**YOUR INSTRUCTIONS**
Below are some records. Return exactly the lines from the one with "Portret van Madame" to the one with "Nordic Full Length", and nothing else.

Brief descriptive captions
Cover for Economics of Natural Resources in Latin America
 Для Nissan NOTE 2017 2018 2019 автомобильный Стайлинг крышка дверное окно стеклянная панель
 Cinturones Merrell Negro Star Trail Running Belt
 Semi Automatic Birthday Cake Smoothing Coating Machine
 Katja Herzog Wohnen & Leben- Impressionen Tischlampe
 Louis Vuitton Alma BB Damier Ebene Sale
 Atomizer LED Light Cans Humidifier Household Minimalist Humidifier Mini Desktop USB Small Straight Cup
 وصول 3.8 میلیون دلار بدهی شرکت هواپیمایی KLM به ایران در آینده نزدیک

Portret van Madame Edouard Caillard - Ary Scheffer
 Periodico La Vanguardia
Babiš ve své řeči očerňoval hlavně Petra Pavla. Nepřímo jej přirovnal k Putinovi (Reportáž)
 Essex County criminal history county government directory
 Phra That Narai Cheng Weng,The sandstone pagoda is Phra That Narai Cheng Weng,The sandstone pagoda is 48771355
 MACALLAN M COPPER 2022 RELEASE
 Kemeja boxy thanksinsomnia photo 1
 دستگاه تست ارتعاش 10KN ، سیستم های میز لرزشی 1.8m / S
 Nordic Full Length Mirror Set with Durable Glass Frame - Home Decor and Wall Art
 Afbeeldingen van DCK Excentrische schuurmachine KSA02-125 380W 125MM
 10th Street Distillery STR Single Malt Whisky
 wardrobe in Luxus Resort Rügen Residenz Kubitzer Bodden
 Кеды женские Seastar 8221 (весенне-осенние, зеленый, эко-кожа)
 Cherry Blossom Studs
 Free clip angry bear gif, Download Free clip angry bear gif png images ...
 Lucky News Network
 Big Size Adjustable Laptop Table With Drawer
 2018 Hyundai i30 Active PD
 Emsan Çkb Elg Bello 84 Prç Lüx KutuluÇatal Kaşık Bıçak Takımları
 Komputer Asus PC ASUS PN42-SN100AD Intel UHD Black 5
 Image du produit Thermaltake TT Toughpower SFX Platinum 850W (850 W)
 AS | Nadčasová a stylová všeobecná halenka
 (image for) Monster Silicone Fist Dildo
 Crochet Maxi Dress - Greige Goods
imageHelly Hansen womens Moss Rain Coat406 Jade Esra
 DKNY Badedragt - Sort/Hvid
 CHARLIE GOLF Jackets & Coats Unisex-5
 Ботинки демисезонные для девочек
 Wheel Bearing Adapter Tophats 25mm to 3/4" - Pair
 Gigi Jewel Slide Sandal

**COMPLETED EXERCISE**
Portret van Madame Edouard Caillard - Ary Scheffer
 Periodico La Vanguardia
Babiš ve své řeči očerňoval hlavně Petra Pavla. Nepřímo jej přirovnal k Putinovi (Reportáž)
 Essex County criminal history county government directory
 Phra That Narai Cheng Weng,The sandstone pagoda is Phra That Narai Cheng Weng,The sandstone pagoda is 48771355
 MACALLAN M COPPER 2022 RELEASE
 Kemeja boxy thanksinsomnia photo 1
 دستگاه تست ارتعاش 10KN ، سیستم های میز لرزشی 1.8m / S
 Nordic Full Length Mirror Set with Durable Glass Frame - Home Decor and Wall Art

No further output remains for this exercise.